Experiences are crucial for us to learn what to do and what not to do. You may know about us from the about page on how we have used honey for asthma, allergies, and skincare. However, there is now another piece that we would like to share with you. My name is Crystal as you already have learned so far. What I would like to share with you is very personal, but may help others learn from my experiences with raw honey. I was diagnosed at an early age with ADHD (attention deficit hyperactive disorder), when I was eleven I was on the highest dose of Ritalin legally allowed to give a child. I decided for myself that I did not want to be on medication any more so I quit them.

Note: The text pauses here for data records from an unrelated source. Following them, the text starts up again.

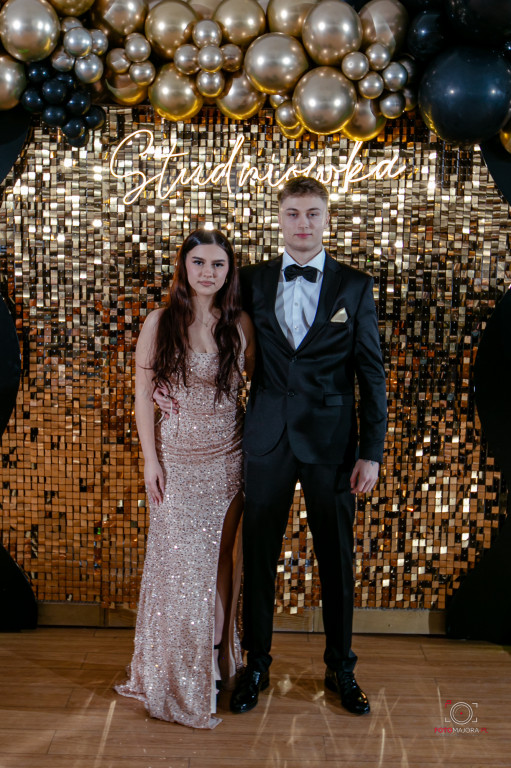 Studniówka ZS nr 7 w Białym Borze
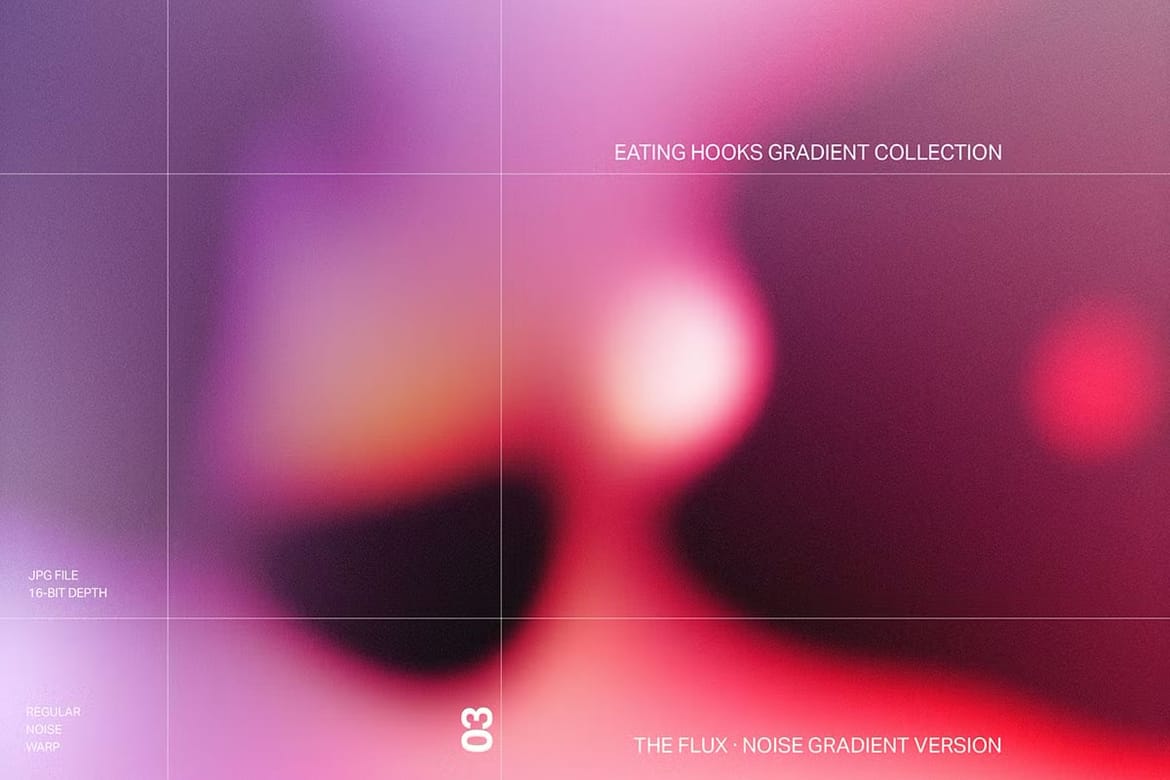 Eating Hooks Gradient Collection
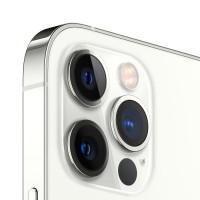 Смартфон iPhone 12 Pro 256GB Silver (Dual)
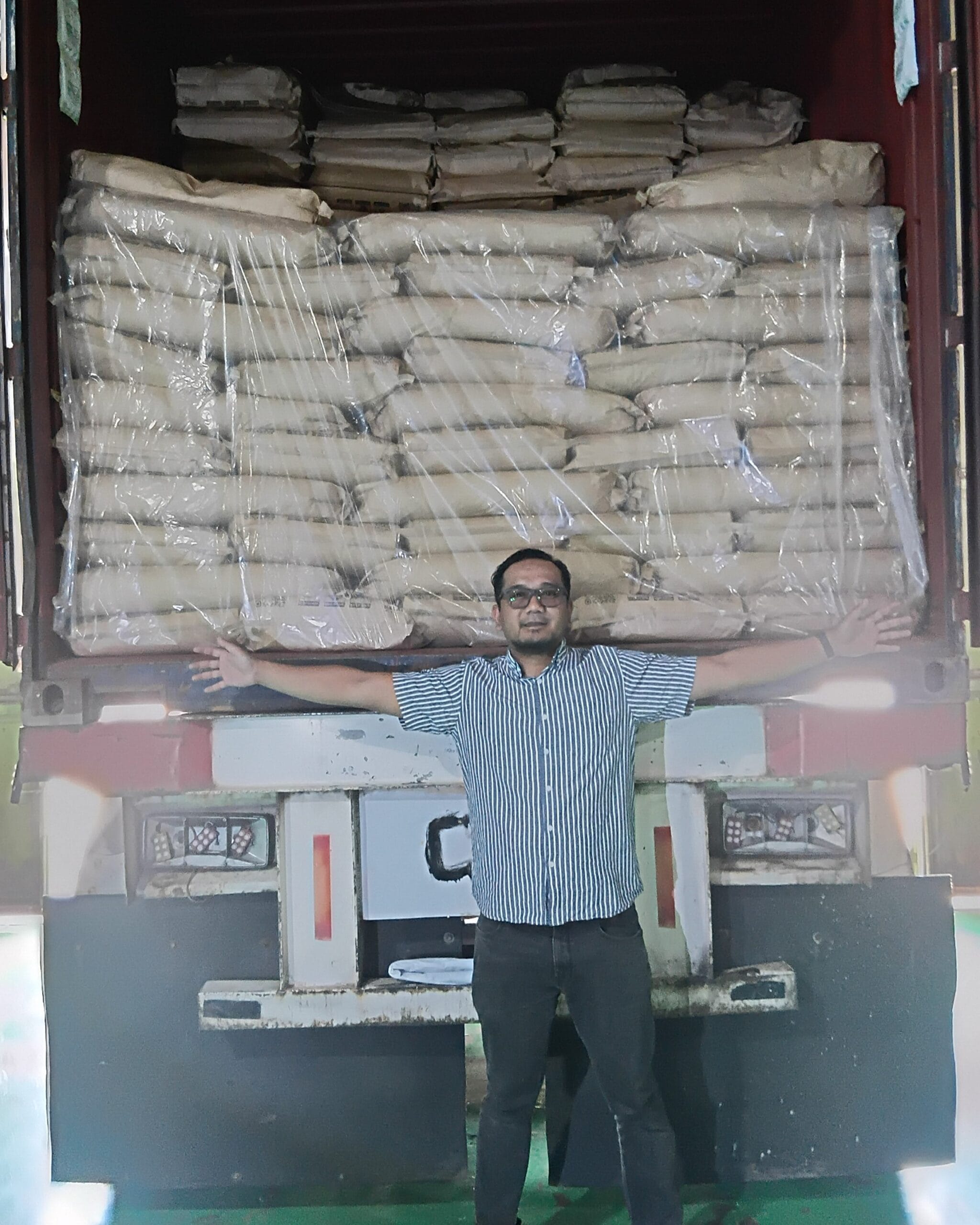 stuffing shipment 2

Many years later, in 2008, I started playing with my diet learning what I could have and could not have. I started researching things that had bad reactions on my body that I did not like. During this research I learned that part of my ADHD was a reaction to the MSG that I was eating through my diet. Sugar has also been a big issue for me. What is really important is what I started to discover at the end of 2012 into 2013; I had no reactions with raw honey. What does this mean? When I eat sugar I have depression, my mind starts racing, and I can’t focus or sit still. With raw honey I don’t have any of these issues. I eat honey and I can actually focus on the task at hand. Yes, I have had to retrain myself on some levels of learning how to focus, however, when I eat sugar I notice I can’t do this even through all the retraining.
Raw honey is very natural; when it is ingested it does not have the same reactions as processed white sugar will. What is even more delightful is I have had customers come in and say they have noticed that they have a better day with raw honey then if they were to eat sugar. Frank and I work really hard to share our experiences and be educated so that people know about honey and what it can do for them. This is why we are so passionate, excited, and proud to talk about honey.
So learn from my experiences and play with your diet. Make it a challenge if you must and switch out your sugar intake with honey for a week and see what happens; you might be surprised at what you learn.